TASK TO CARRY OUT:
Only the lines from the line containing "RBI rejects Keralas" to the end of the entries should be repeated, exactly as they appear.

Data excerpts
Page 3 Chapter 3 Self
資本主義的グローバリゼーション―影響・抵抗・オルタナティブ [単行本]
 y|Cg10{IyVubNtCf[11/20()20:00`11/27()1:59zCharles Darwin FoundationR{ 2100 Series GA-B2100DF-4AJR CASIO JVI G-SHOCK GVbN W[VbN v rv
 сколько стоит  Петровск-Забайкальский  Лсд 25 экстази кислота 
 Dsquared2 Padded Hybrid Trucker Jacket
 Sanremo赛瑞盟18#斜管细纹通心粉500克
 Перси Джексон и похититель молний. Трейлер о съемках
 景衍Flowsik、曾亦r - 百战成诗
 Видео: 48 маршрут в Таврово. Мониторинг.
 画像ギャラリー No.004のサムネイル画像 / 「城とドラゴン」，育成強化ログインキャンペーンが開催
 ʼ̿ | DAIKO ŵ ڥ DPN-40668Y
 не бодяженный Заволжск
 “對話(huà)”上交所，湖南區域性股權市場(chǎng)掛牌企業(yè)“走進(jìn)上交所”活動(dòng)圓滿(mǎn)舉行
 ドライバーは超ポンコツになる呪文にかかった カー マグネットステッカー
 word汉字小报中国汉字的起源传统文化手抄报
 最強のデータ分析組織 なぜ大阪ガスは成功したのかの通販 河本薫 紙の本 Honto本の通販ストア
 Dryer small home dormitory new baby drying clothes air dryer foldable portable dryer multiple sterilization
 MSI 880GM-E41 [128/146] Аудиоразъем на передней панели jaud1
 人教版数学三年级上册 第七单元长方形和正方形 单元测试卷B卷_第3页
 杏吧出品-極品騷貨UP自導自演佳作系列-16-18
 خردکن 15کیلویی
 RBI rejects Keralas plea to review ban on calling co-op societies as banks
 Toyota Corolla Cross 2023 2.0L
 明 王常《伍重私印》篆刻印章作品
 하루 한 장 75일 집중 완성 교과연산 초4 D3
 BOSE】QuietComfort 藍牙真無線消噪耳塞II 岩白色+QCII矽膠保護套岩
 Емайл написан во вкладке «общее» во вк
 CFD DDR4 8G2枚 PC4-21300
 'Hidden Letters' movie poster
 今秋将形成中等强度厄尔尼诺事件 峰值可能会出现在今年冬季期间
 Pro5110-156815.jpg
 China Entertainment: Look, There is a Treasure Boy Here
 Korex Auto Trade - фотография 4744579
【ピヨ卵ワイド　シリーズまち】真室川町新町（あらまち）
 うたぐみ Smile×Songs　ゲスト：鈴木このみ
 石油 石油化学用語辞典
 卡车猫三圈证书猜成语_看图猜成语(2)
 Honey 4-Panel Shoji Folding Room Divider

REPLY TO THE EXERCISE:
 RBI rejects Keralas plea to review ban on calling co-op societies as banks
 Toyota Corolla Cross 2023 2.0L
 明 王常《伍重私印》篆刻印章作品
 하루 한 장 75일 집중 완성 교과연산 초4 D3
 BOSE】QuietComfort 藍牙真無線消噪耳塞II 岩白色+QCII矽膠保護套岩
 Емайл написан во вкладке «общее» во вк
 CFD DDR4 8G2枚 PC4-21300
 'Hidden Letters' movie poster
 今秋将形成中等强度厄尔尼诺事件 峰值可能会出现在今年冬季期间
 Pro5110-156815.jpg
 China Entertainment: Look, There is a Treasure Boy Here
 Korex Auto Trade - фотография 4744579
【ピヨ卵ワイド　シリーズまち】真室川町新町（あらまち）
 うたぐみ Smile×Songs　ゲスト：鈴木このみ
 石油 石油化学用語辞典
 卡车猫三圈证书猜成语_看图猜成语(2)
 Honey 4-Panel Shoji Folding Room Divider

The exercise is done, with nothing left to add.